• Bulls fail to capitalize on solid Aussie jobs data-led early uptick.
• NAB’s mortgage rate hike news prompts some aggressive selling.
• A modest USD uptick further aggravates the ongoing downfall.
The AUD/USD pair faded Aussie jobs data-led early uptick to an intraday high level of 0.7167 and tumbled to near three-week lows in the last hour.
The pair did get a minor lift and built on the overnight modest rebound on the back of solid domestic employment details, showing that the number of employed people in December rose by 21.6K as against 18K expected and unemployment rate surprisingly ticked lower to 5.0%.
The pair, however, failed to capitalize on the post-data up-move, rather bears took back control after a major Australian bank – National Australia Bank said it will raise the standard variable rate for owner-occupiers repaying principal and interest by 0.12% to 5.36 %.
The move comes months after Commonwealth Bank, Westpac, and ANZ imposed out-of-cycle hikes and was seen as further hurting the domestic housing market, which might force the RBA to lower interest rates and eventually weighed heavily on the Aussie.
Meanwhile, a modest US Dollar uptick, despite a weaker tone around the US Treasury bond yields, aggravated the selling pressure and further collaborated to the pair’s sharp intraday slide to sub-0.7100 level.

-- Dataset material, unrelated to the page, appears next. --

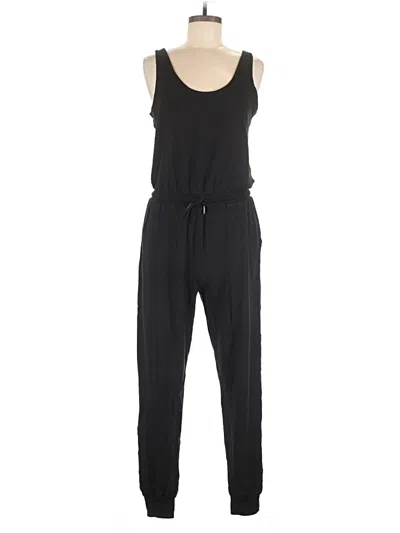 Pre-owned Athleta Jumpsuit In Black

In absence of any major market moving economic releases from the US, a follow-through weakness, led by some fresh technical selling below the mentioned handle, now looks a distinct possibility.
Technical levels to watch
Immediate support is now pegged near the 0.7070 area, below with the downward trajectory could further get extended towards the 0.7025-20 region en-route the key 0.70 psychological mark. On the flip side, any attempted recovery might now confront immediate resistance near the 0.7120-25 region and is followed by the 0.7160-70 heavy supply zone.